::: SUPPLIED DATA
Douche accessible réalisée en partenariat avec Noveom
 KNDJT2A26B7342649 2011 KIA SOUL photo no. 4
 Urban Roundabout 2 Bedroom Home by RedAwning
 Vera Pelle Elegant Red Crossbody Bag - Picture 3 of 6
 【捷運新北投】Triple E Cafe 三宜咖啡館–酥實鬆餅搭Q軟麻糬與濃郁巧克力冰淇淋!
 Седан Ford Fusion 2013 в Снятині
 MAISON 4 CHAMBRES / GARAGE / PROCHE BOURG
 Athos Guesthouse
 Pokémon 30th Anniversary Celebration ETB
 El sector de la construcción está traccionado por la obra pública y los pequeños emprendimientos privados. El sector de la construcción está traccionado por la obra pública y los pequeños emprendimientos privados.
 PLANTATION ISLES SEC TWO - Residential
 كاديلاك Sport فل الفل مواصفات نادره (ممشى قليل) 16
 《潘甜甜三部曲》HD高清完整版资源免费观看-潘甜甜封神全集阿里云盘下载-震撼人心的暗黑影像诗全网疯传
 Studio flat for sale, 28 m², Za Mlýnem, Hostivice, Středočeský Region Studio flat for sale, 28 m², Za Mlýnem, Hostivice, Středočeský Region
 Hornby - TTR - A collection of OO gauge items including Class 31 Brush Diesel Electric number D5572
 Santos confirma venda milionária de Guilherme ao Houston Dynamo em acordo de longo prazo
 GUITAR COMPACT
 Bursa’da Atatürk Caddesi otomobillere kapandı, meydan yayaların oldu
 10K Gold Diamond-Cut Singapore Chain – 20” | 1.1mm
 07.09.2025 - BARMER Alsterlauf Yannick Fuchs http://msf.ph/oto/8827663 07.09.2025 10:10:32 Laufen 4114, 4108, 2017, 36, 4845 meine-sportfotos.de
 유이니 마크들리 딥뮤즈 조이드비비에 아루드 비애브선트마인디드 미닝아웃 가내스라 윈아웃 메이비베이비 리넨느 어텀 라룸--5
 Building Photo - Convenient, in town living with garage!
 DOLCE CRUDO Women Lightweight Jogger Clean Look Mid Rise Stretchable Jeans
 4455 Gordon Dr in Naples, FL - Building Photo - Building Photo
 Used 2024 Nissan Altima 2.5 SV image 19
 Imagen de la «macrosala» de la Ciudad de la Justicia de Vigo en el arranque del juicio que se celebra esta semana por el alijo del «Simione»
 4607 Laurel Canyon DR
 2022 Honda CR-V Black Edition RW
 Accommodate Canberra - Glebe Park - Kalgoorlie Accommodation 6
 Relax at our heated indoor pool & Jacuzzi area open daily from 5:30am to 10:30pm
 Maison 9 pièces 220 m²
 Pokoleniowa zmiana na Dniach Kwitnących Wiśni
::::::
**INSTRUCTIONS TO FOLLOW**
List each line of the entries that holds the string "Building".

**WRITTEN SOLUTION**
 Building Photo - Convenient, in town living with garage!
 4455 Gordon Dr in Naples, FL - Building Photo - Building Photo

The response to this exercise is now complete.